Recorded information Start Marker

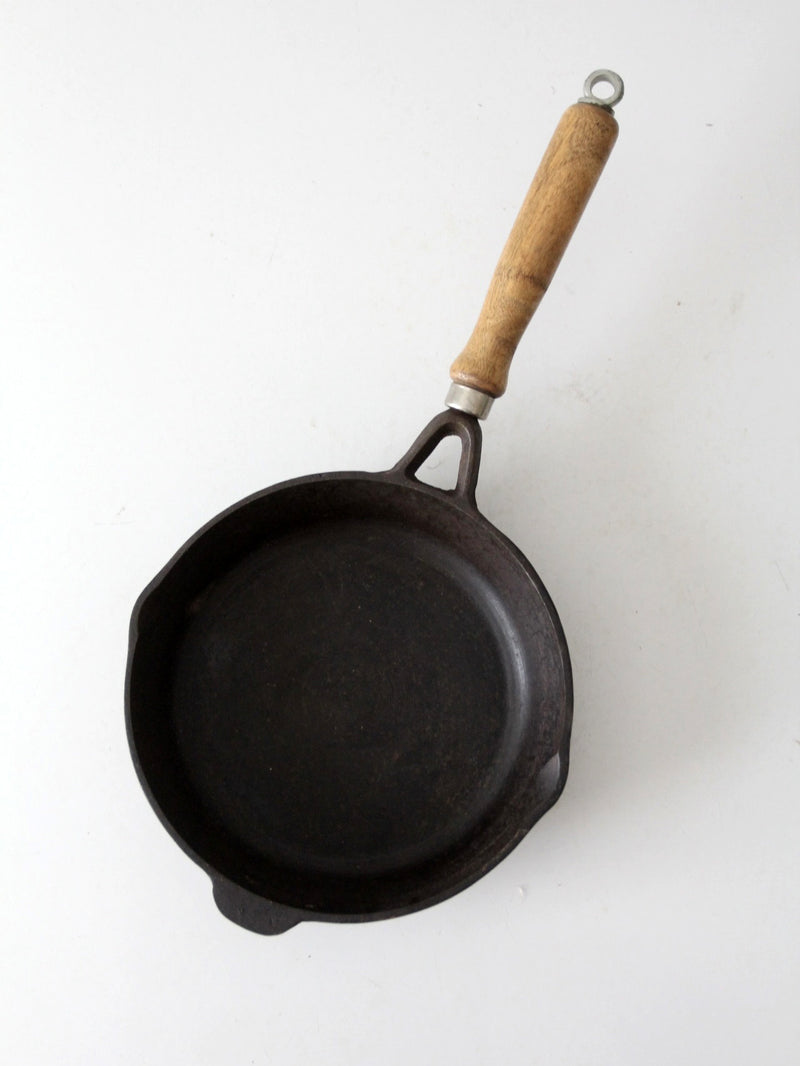 vintage cast iron pan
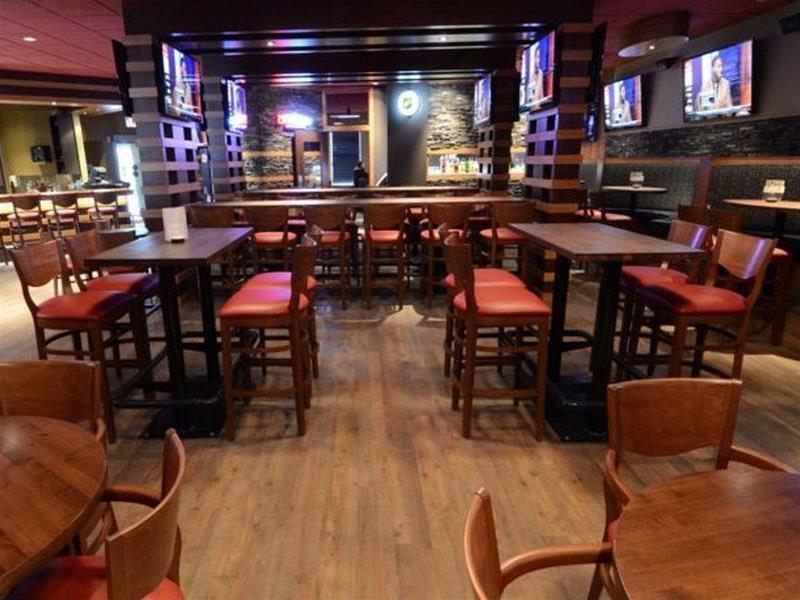 温尼伯 豪生国际快捷旅馆酒店 外观 照片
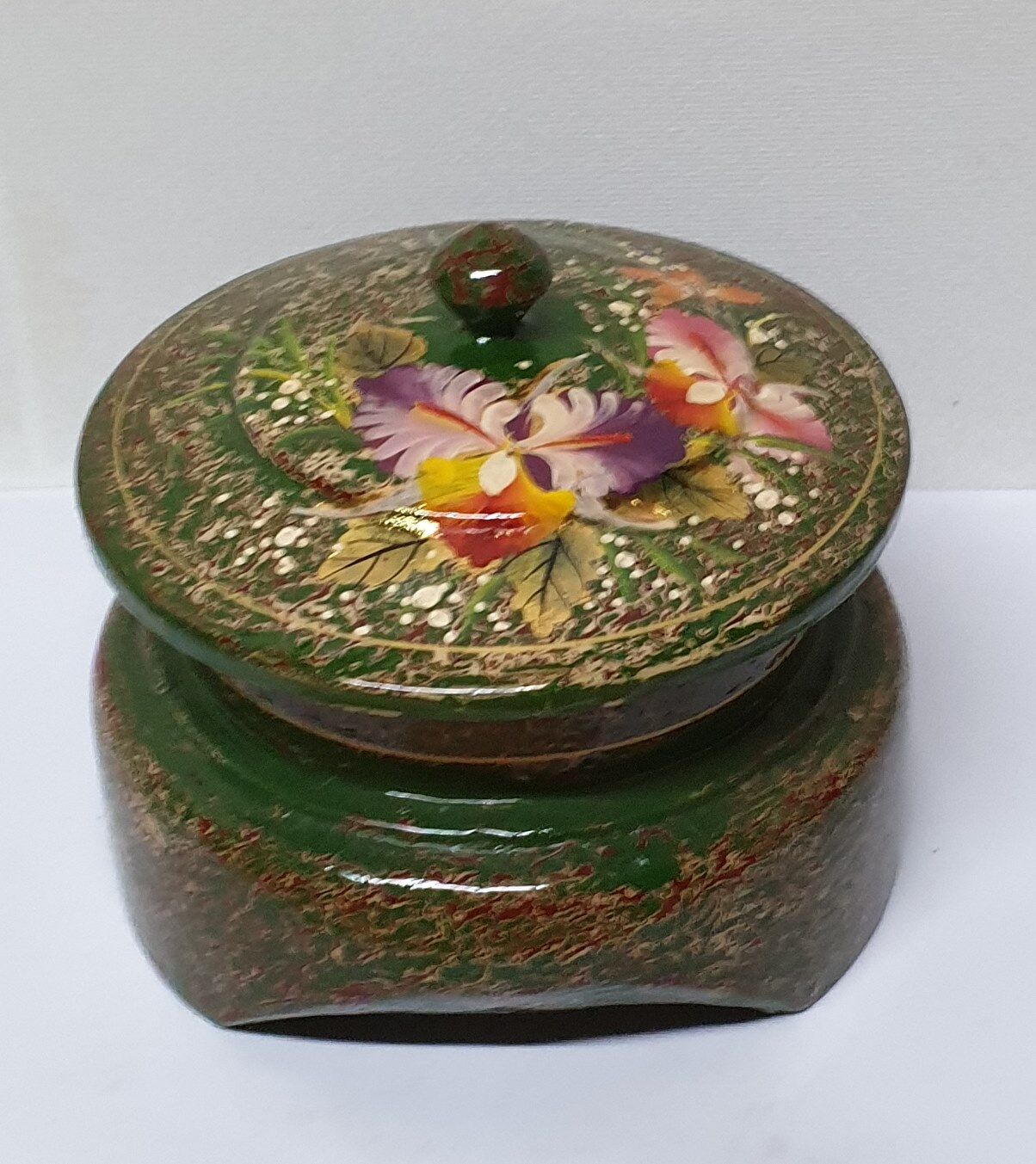 Lasy wooden glass underside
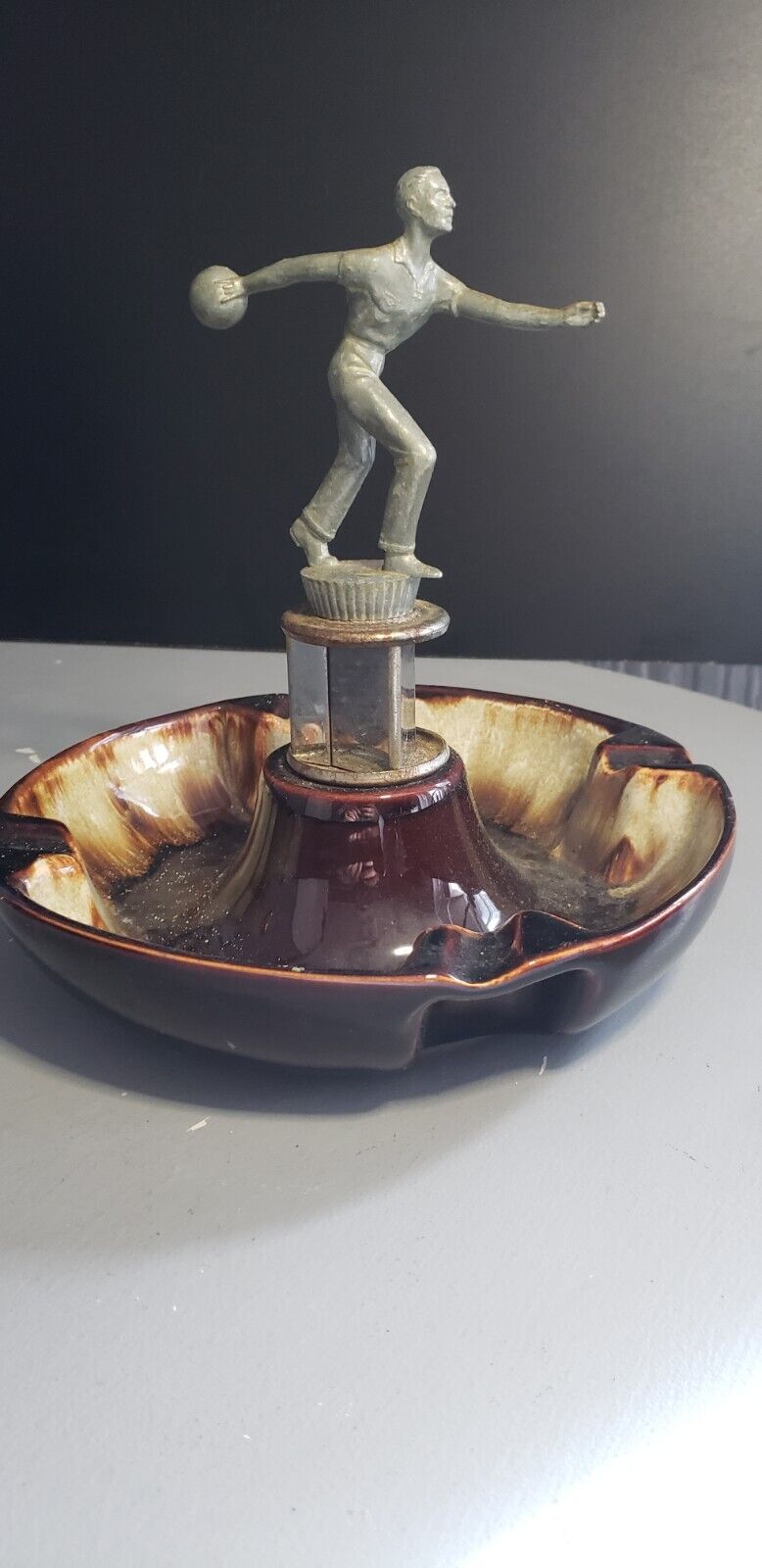 Vintage Ceramic BOWLING ALLEY Ashtray trophy bowler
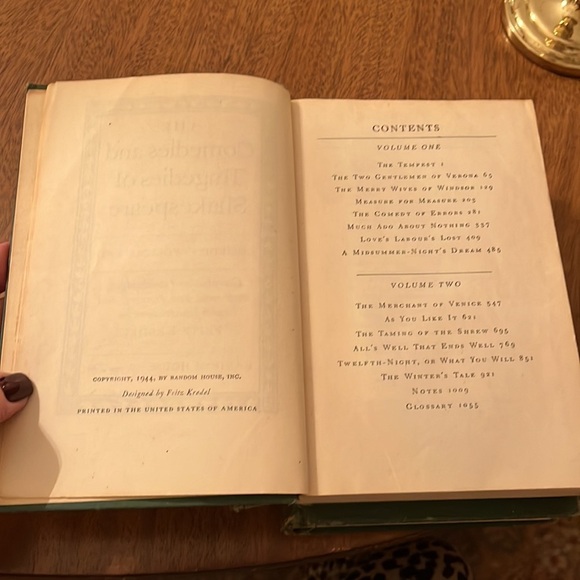 Vintage Set of 2 William Shakespeare Comedies and Tragedies 1944 - Picture 3 of 4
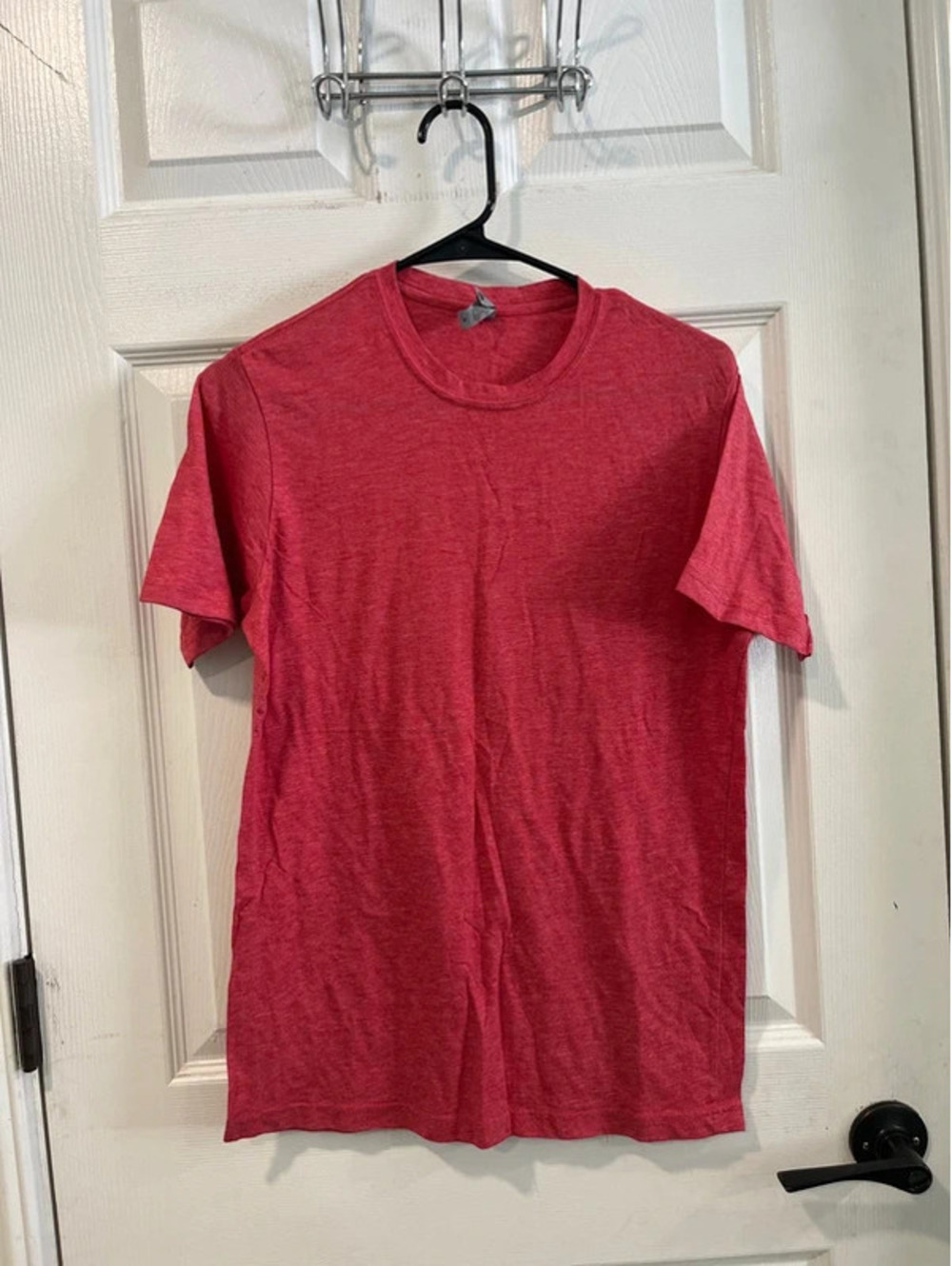Mans XS red T-shirt
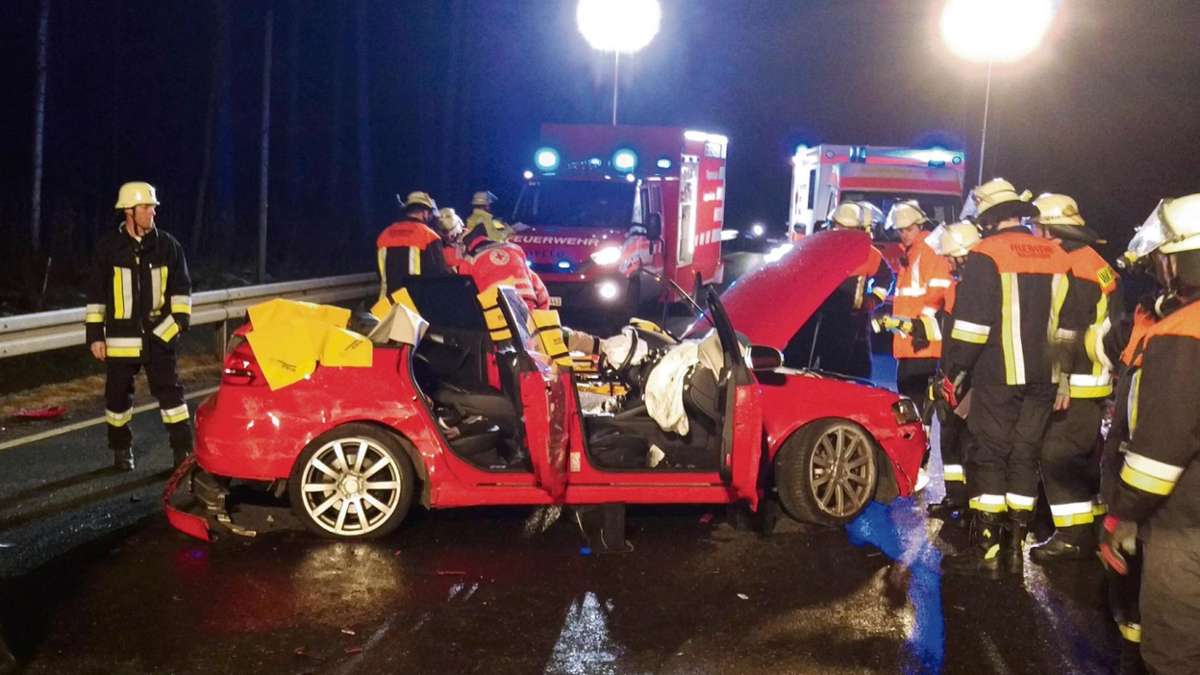 Pullenreuth/Waldershof: Zwei Verletzte nach Frontalzusammenstoß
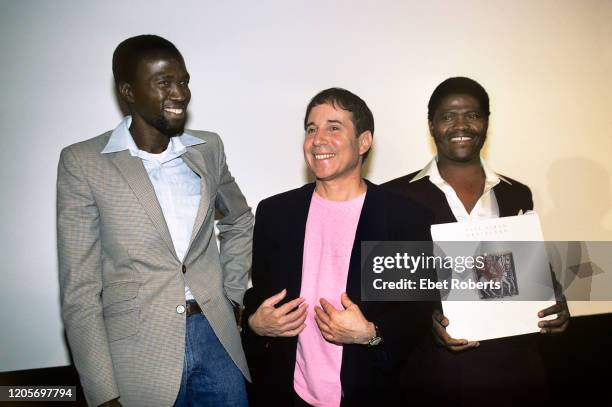 Albert Mazibuko, Paul Simon and Joseph Shabalala at a news conference announcing the release of Simon's 'Graceland' album in New York City on August...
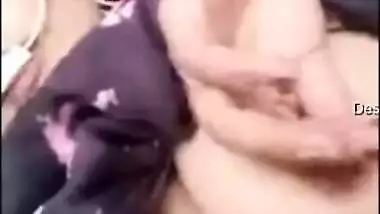 Indian aunty finds courage to show off her wonderful boobies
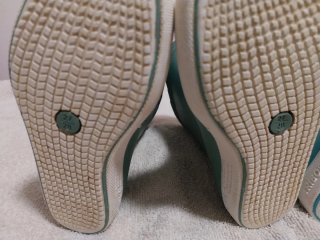 Botas de agua verdes y turquesas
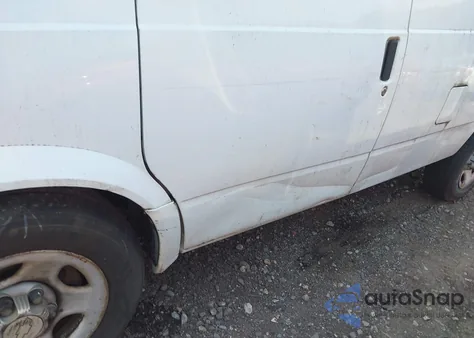 2005 Chevrolet Astro z USA, uszkodzony, nr VIN 1GCDM19X65B115256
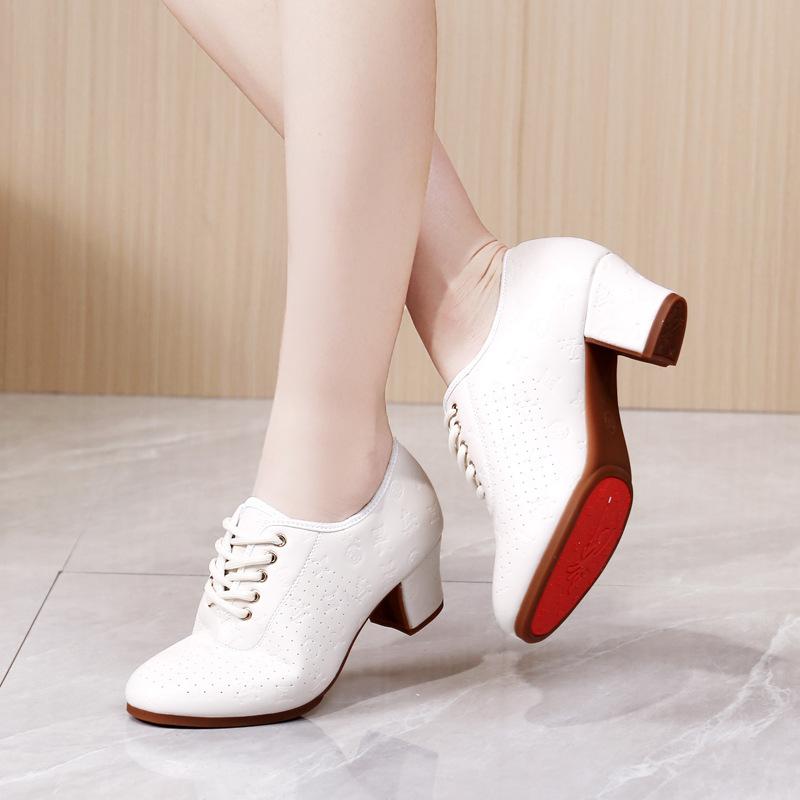 

Женские туфли для латинских танцев из натуральной кожи, квадратные спортивные туфли с мягкой подошвой, танцевальные женские кроссовки, дышащая обувь для бальных танцев 34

Recorded information End Marker

### Exercise directions
Reproduce, word for word, every line from the start of the records down to and including the line with "Albert Mazibuko, Paul"; skip the pictures.

### Result
 vintage cast iron pan
 温尼伯 豪生国际快捷旅馆酒店 外观 照片
 Lasy wooden glass underside
 Vintage Ceramic BOWLING ALLEY Ashtray trophy bowler
 Vintage Set of 2 William Shakespeare Comedies and Tragedies 1944 - Picture 3 of 4
Mans XS red T-shirt
 Pullenreuth/Waldershof: Zwei Verletzte nach Frontalzusammenstoß
 Albert Mazibuko, Paul Simon and Joseph Shabalala at a news conference announcing the release of Simon's 'Graceland' album in New York City on August...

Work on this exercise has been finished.